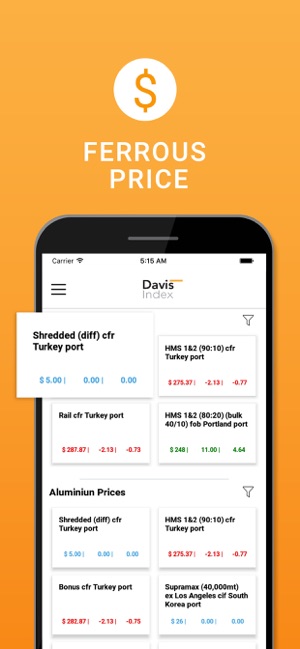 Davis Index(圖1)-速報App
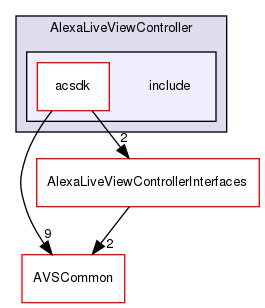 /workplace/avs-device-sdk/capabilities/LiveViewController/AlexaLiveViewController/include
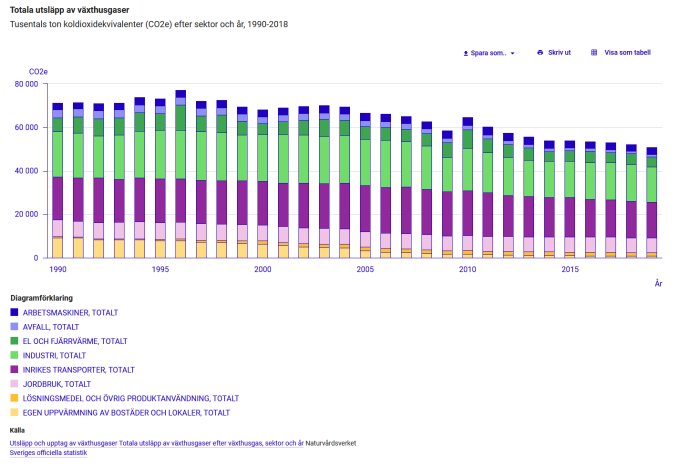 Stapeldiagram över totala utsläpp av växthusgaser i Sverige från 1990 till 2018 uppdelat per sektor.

▬▬▬▬▬▬▬▬▬▬

What is expected: The listing above is to be retyped word for word, with the pictures omitted.

Result of this exercise:
 Davis Index(圖1)-速報App
 /workplace/avs-device-sdk/capabilities/LiveViewController/AlexaLiveViewController/include
 Stapeldiagram över totala utsläpp av växthusgaser i Sverige från 1990 till 2018 uppdelat per sektor.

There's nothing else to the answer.